His comments come as the country awaits the Financial Action Task Force’s (FATF) on-site visit, during which it would consider whether or not to de-list The Bahamas from its gray list of countries with strategic deficiencies in the area of anti-money laundering/countering the finance of terrorism (AML/CFT).
Turnquest said the threats are out there and the country’s financial services sector will just have to learn to live with it.
“It is still out there and the rules will continue to evolve. As I always say, it’s time for us to stop complaining about it. It is what it is. We have to figure out how we’re going to survive and exist in this world and that is what we’re doing. We’re focused on the future, focused on structures that wealth management clients, that people who really contribute are interested in and making sure that we have the talent here to invest their money and incur the additional scrutiny and cost that may be associated with investing offshore,” he said yesterday while appearing as a guest on the Guardian Radio talk show “The Revolution”.
“I think we can do that. We have tremendously talented people in that industry and I look forward to the creativity that is going to come as a result of all the changes. Again, taking advantage of crisis to create opportunity.”
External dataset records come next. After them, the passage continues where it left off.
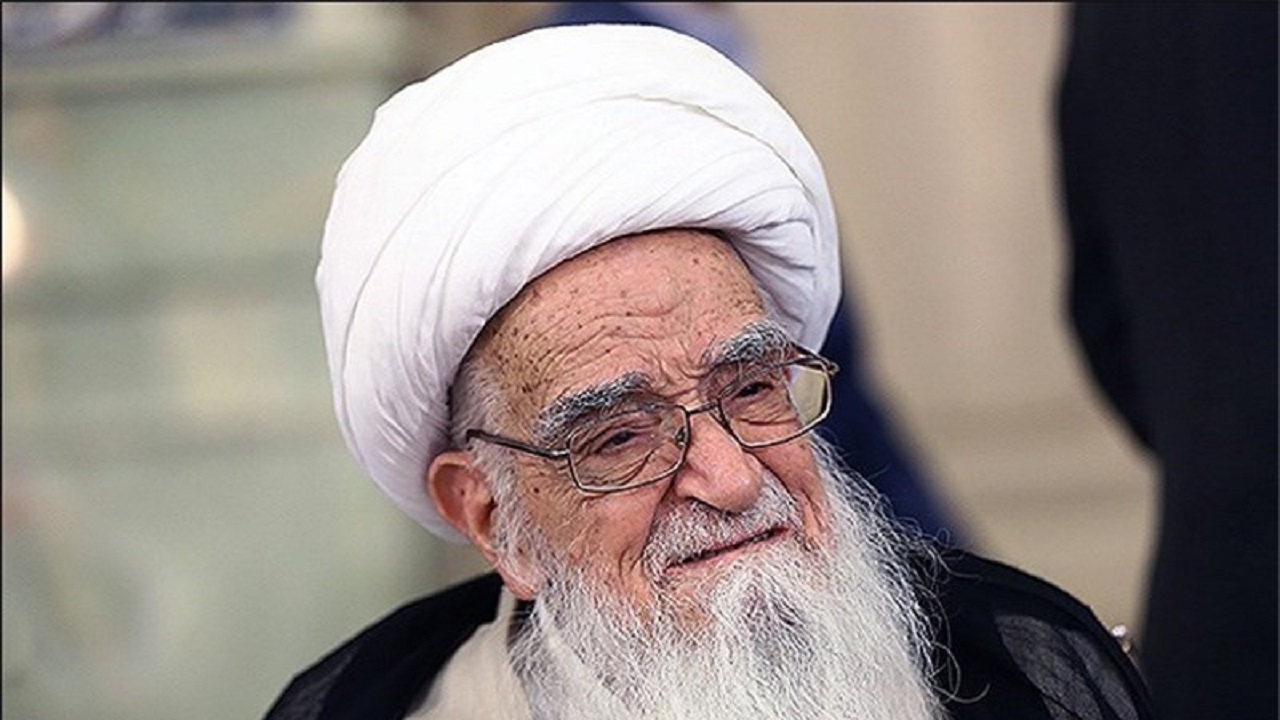 در روز درگذشت عالمان داغ ها تازه می شوند گویی که این درد پایان ندارد...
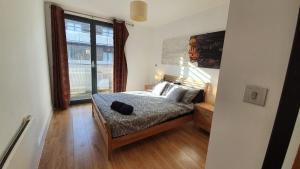 Postel nebo postele na pokoji v ubytování Modern Arcadian Centre Apartment 2 Bed / Balcony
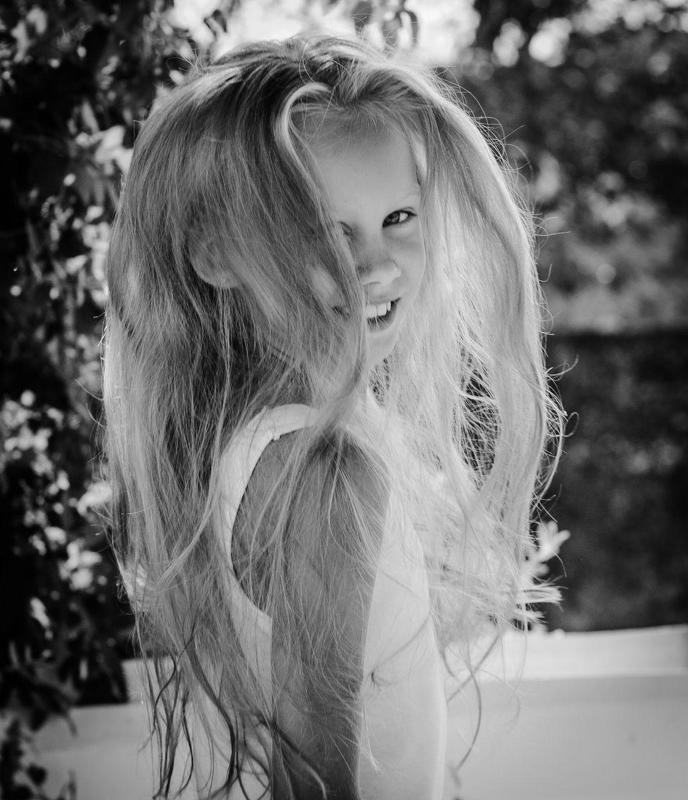 девочка, черно-белое, блондинка, гимнастка Дарияphoto preview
The Minnis administration has made it a legislative priority since it came into governance to comply with requirements from international bodies like the Organisation for Economic Development and Cooperation (OECD) and the European Union (EU).
Turnquest was speaking to the larger issue of restructuring the nation’s taxation system, when he was asked why the government seems reluctant to reduce its reliance on consumer taxes and consider the inclusion of corporate or income taxes, which has long been called for by many economists.
“With respect to taxation, whenever you start to talk about taxation it is a very uneasy topic for most Bahamians. The reality is that if there is going to be any adjustments to our tax structure, it takes quite a bit of research and it takes quite a bit of time to not only develop the program, but also to educate the Bahamian people about what you’re trying to accomplish and what the benefits are of a new system, versus the system that we have,” he said.
“I know there are a lot of people who believe that personal income tax is the way to go, that it will level the playing field and all that, but I think there’s common saying that you can’t make me rich by making you poor. And we don’t necessarily explain that well enough to people so that they understand.”
Speaking to the country’s reliance on tourism – which generates approximately 50 percent of the country’s gross domestic product – and calls for a more diversified economy, Turnquest said Bahamians shouldn’t believe that if somehow less attention was paid to tourism, there would be a pool of money to invest in something else.
“The structure of the Bahamian economy is engrained. It is difficult to change in any short period of time. We have invested significantly in the tourism industry before most countries in the world and we have done well from that industry. Many in the middle class, many of the wealthy elite in the country, benefit from and continue to benefit from the tourism industry. You can go from the top manager of a hotel to the straw market vendor or taxi driver; they all benefit from that industry. So, we’re not about to abandon that. It is the one natural asset that we have, that we have exploited, but we still have a lot of room to further exploit and we only have to think about our ecosystems, our various islands that we have woefully underdeveloped and underexploited,” he said.
“The types of tourism that we can exploit, that we have not bothered to. Unfortunately, we have spent a lot of time, historically, working on these big box hotels and cruise ships and everything is built around those, rather than the other way, where we can have actual empowerment of Bahamians that is putting the promotion dollars, putting the support behind the small, boutique-type resorts and properties that Bahamians can own.”